Amongst these tough times, there has been times of happiness, things and people that have made me happy. As part of my mindfulness practise, I’ve been noting them down, more systematically, in my diary.
I’d been thinking for a while that I’d like to start writing a regular post about what I’ve been grateful for and/or what’s make me happy. I was inspired by:
- Emma (PhD 🙂 ) from Miss Pond – misspond.com – Twitter @MissPond
- Suzy from Beyond the Fringe – www.fromthefringe.co.uk – Twitter @suzyfringe
They’re great ladies – one I’ve known for years in real life too (first in Manchester and now she lives in Worcester) and the other lives round the corner from me – though we’ve not yet met face to face. That’s the Internet for you – hopefully we’ll meet up soon. They write thought-provoking blogs, touching on wide ranging topics including feminism, life with a chronic pain condition, running, the outdoors, food, cooking, life in Manchester and the West Midlands – many adventures and plenty of gin 🙂
Please have a read of their blogs
1. Journals – gratitude, health notes and ‘to do’ lists
I love my Stigu Planner*** (http://sticktostigu.com/); it’s a combination of a diary, note book and to do lists.

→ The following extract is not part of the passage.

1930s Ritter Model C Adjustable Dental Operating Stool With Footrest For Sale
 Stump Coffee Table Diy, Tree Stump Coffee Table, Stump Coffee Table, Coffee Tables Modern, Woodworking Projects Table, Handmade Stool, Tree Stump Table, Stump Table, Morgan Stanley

They describe it as a rest and zest handbook – there are themes for each month, weekly practise activities – some of them are really funny cartoons. I had a stigu journal last year too – it’s not too ‘full on’, supporting my wellbeing, without being all about ‘rules’.
The Calm Book – calm the mind, change the world*** is great for suggestions on Nature, Sleep, Travel, Work, Creativity, Relationships, Food (www.calm.com), with affirmations and visualisations (there’s an app too). The daily questions are:
- What made you feel calm Today?
- What are you grateful For?
- What were three highlights of today?
It’s so beautiful with wonderful illustrations and pictures; I can’t write in the book – I tend to write in my stigu journal instead.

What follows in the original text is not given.